**TASK INSTRUCTIONS:**
Make an exact copy of every entry below, with the pictures left out.

**DATA UNDER STUDY:**
───

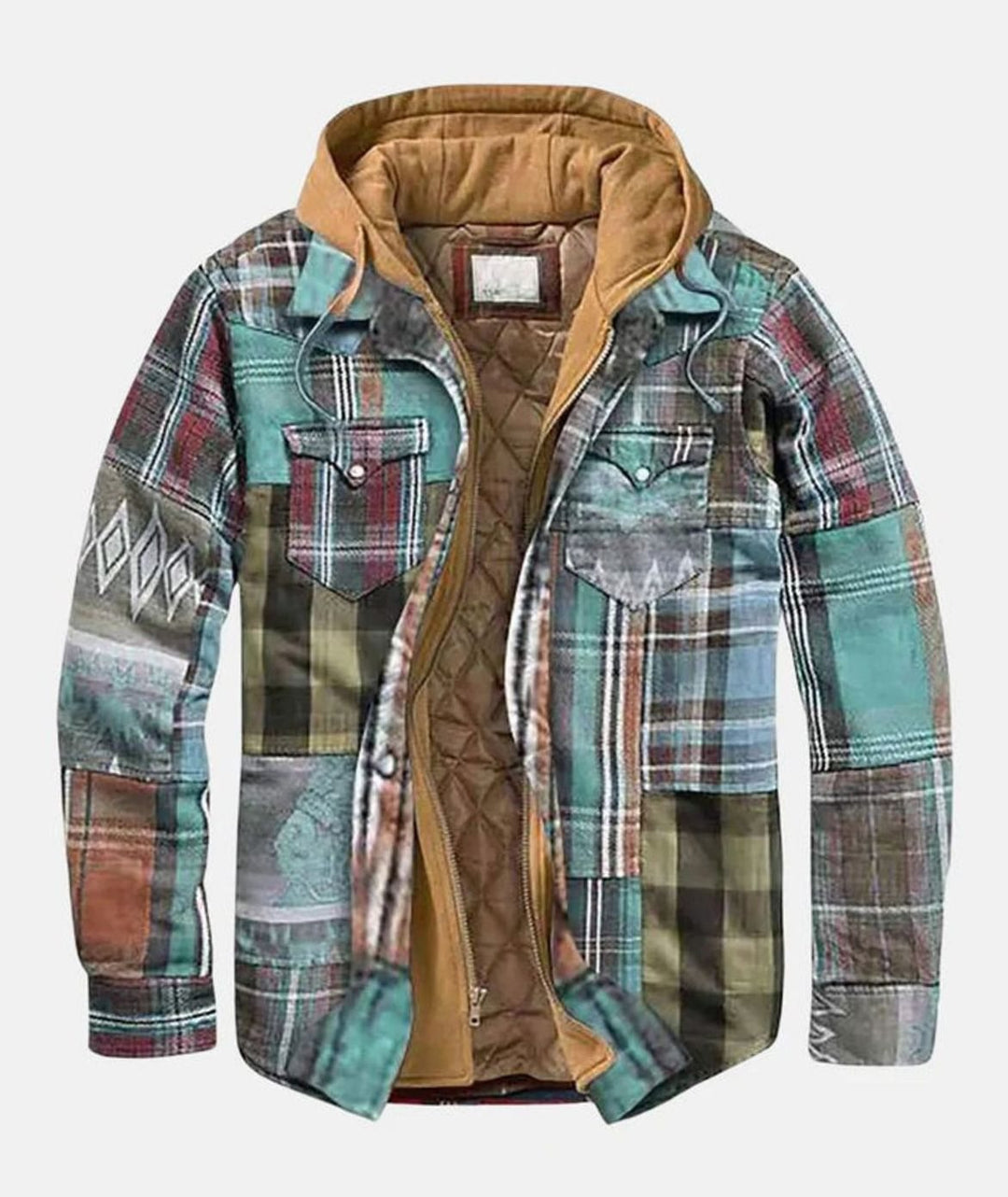 Herren Patchwork Flanelljacke Winter Gefüttert Kapuze Reißverschluss - Mint
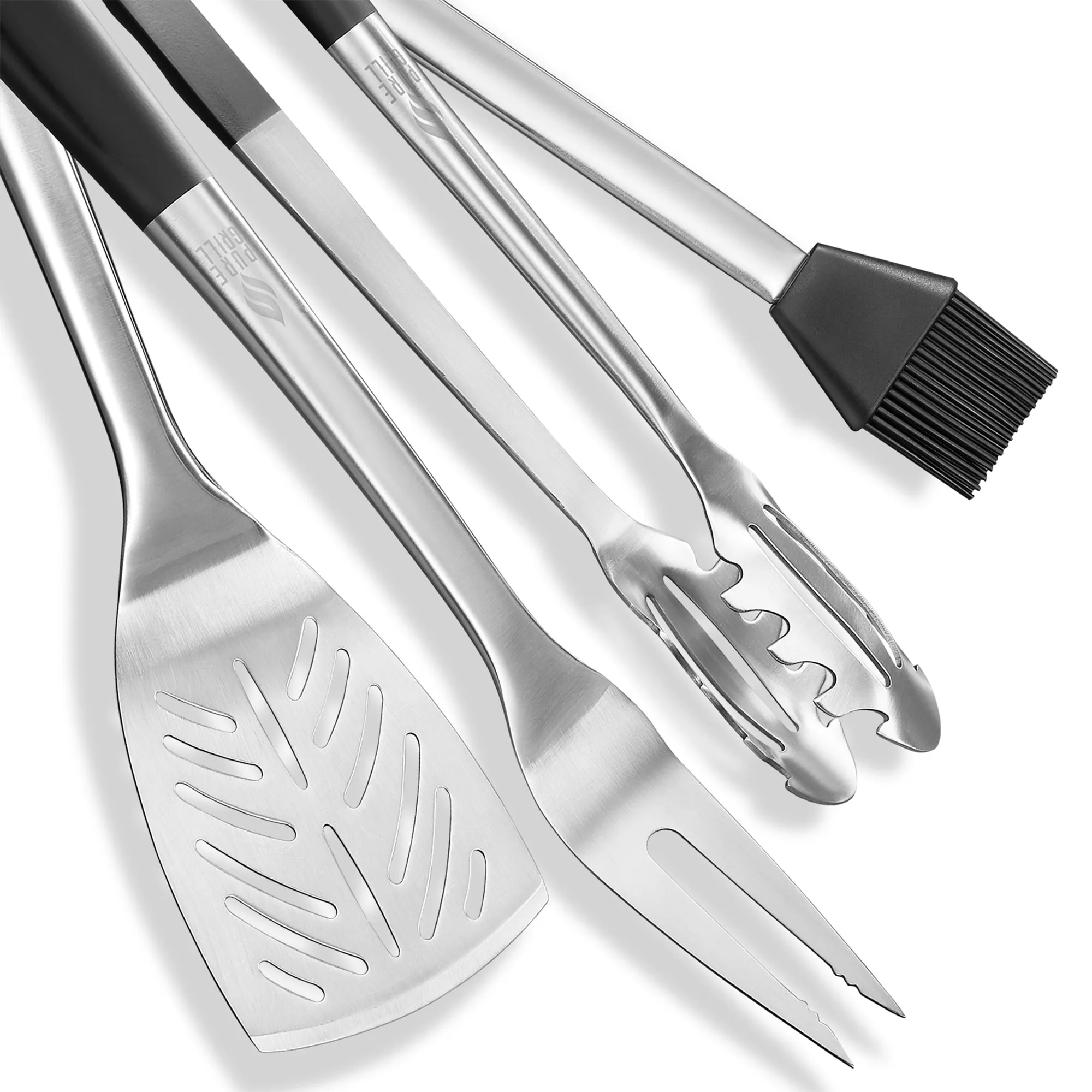 4pc BBQ Tool Utensil Set, Stainless Steel by Pure Grill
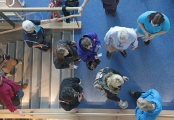 Student Mentors help Staff and Students in Newport on the first day of the new City Campus opening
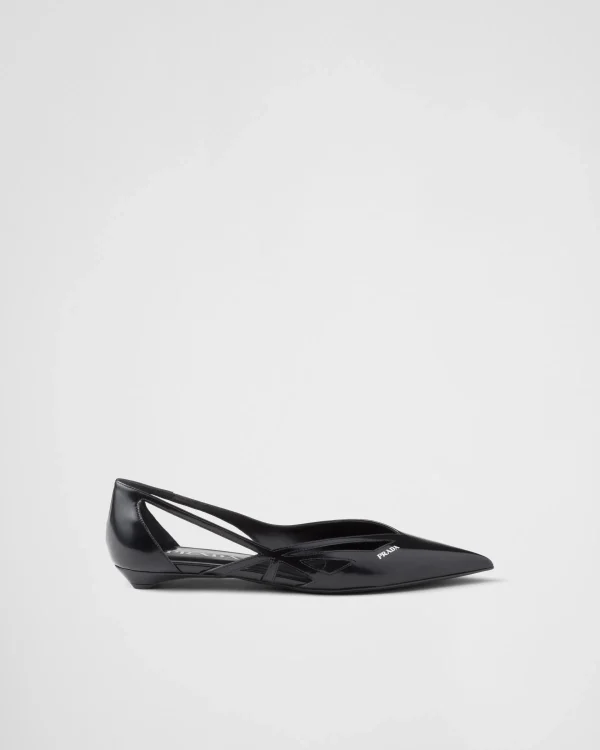 Pumps And Ballerinas*Prada Brushed leather cut-out ballerinas Black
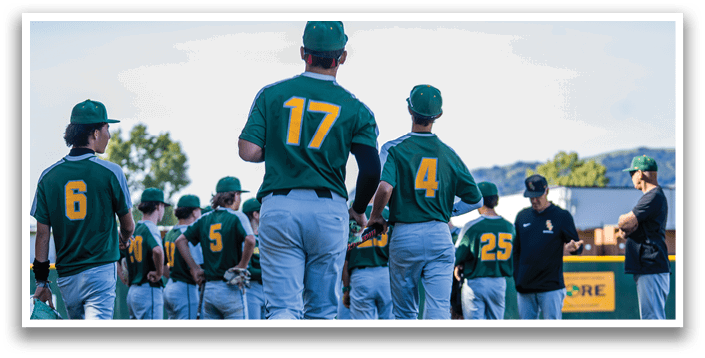 A group of baseball players standing on a field. Description generated by AI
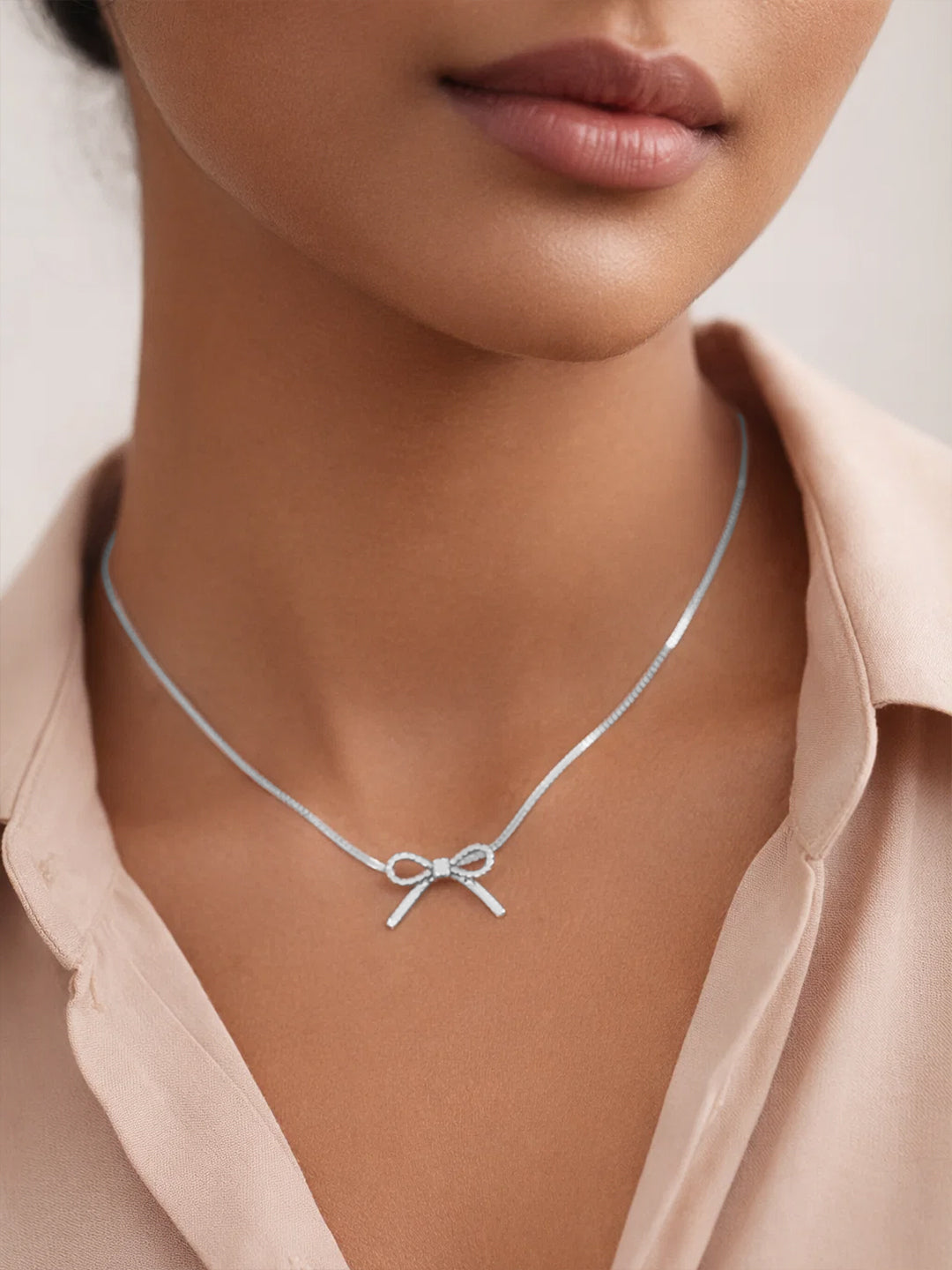 Demi Fine Rhodium Plated Stainless steel Bow Knot Snake Chain Necklace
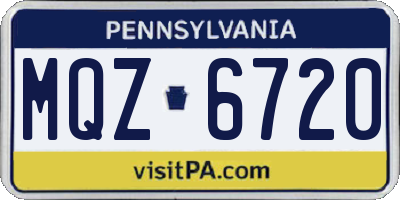 PA license plate MQZ6720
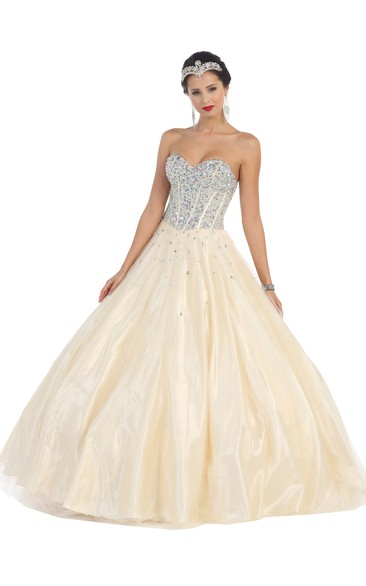 Ball Gown Long Sweetheart Sleeveless Satin Backless Dress With Beading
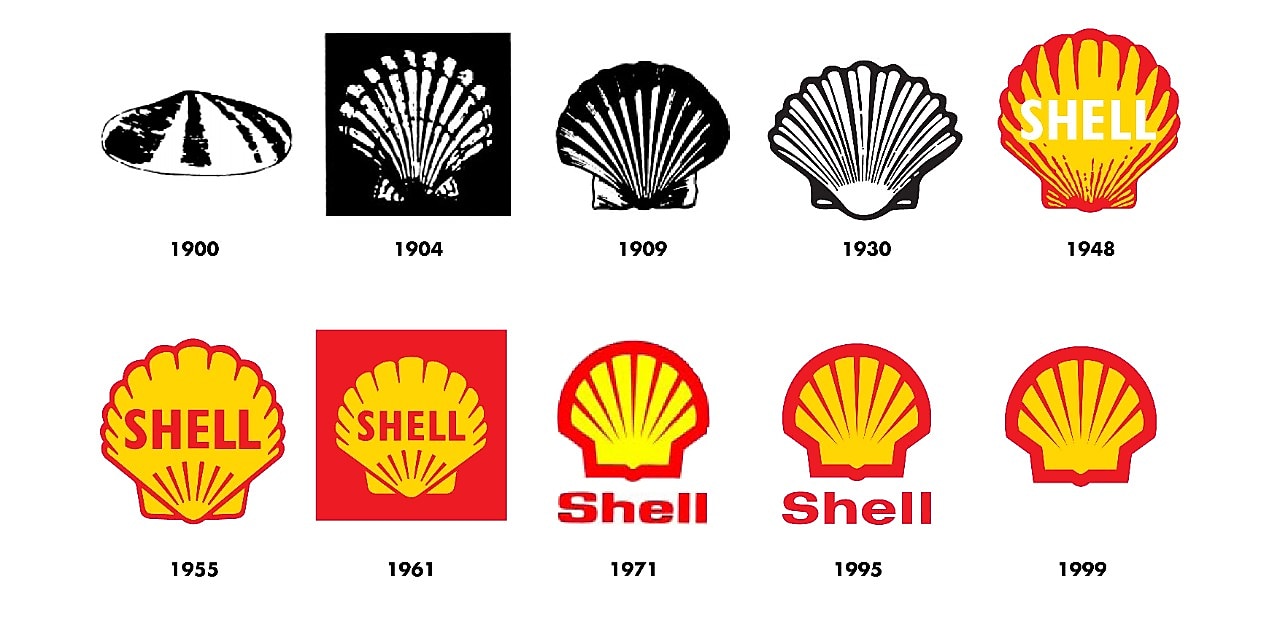 La imagen muestra cómo ha evolucionado el emblema de Shell desde 1900 hasta la actualidad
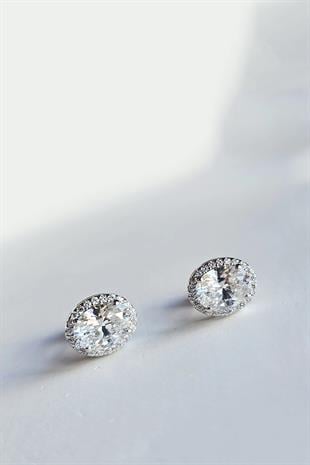 MOZANİT OVAL ETRAF TAŞLI GÜMÜŞ KÜPE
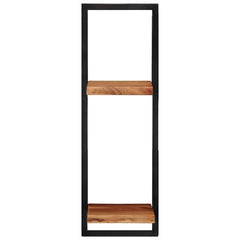 vidaXL Wall Shelf | Set of 2 | Natural wood and black | Solid Acacia wood, Steel 3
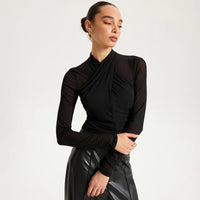 New Round-neck Cross-perspective Mesh Shirred Spliced Top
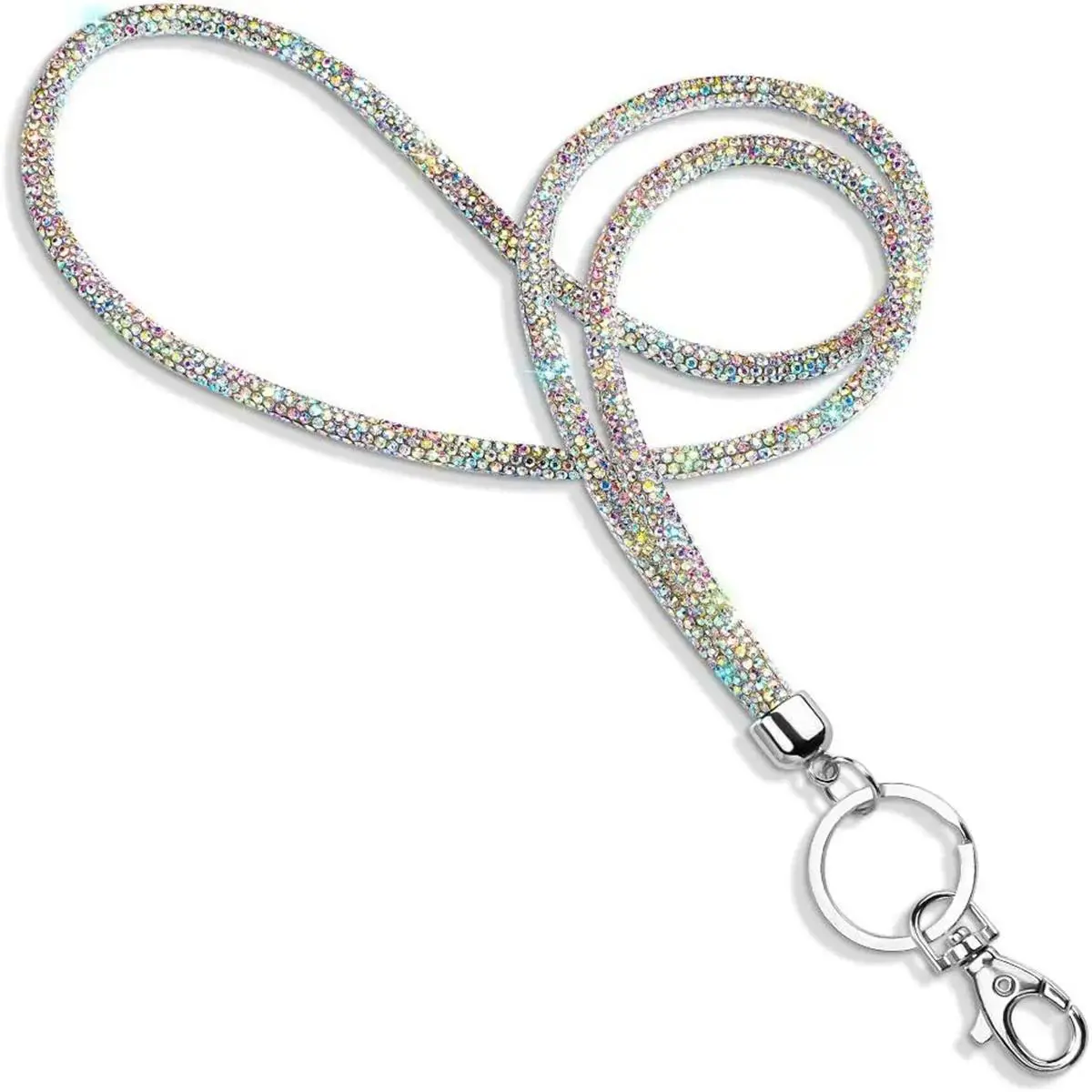 Rhinestone Decor ID Badge Holder, Glitter ID Card Holder Lanyard, Retractable Badge Reel, ID Badge Supplies for Office Staff Teachers Doctors, Office Supplies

───

**THE COMPLETED TASK:**
 Herren Patchwork Flanelljacke Winter Gefüttert Kapuze Reißverschluss - Mint
 4pc BBQ Tool Utensil Set, Stainless Steel by Pure Grill
 Student Mentors help Staff and Students in Newport on the first day of the new City Campus opening
 Pumps And Ballerinas*Prada Brushed leather cut-out ballerinas Black
 A group of baseball players standing on a field. Description generated by AI
 Demi Fine Rhodium Plated Stainless steel Bow Knot Snake Chain Necklace
 PA license plate MQZ6720
 Ball Gown Long Sweetheart Sleeveless Satin Backless Dress With Beading
 La imagen muestra cómo ha evolucionado el emblema de Shell desde 1900 hasta la actualidad
 MOZANİT OVAL ETRAF TAŞLI GÜMÜŞ KÜPE
 vidaXL Wall Shelf | Set of 2 | Natural wood and black | Solid Acacia wood, Steel 3
 New Round-neck Cross-perspective Mesh Shirred Spliced Top
 Rhinestone Decor ID Badge Holder, Glitter ID Card Holder Lanyard, Retractable Badge Reel, ID Badge Supplies for Office Staff Teachers Doctors, Office Supplies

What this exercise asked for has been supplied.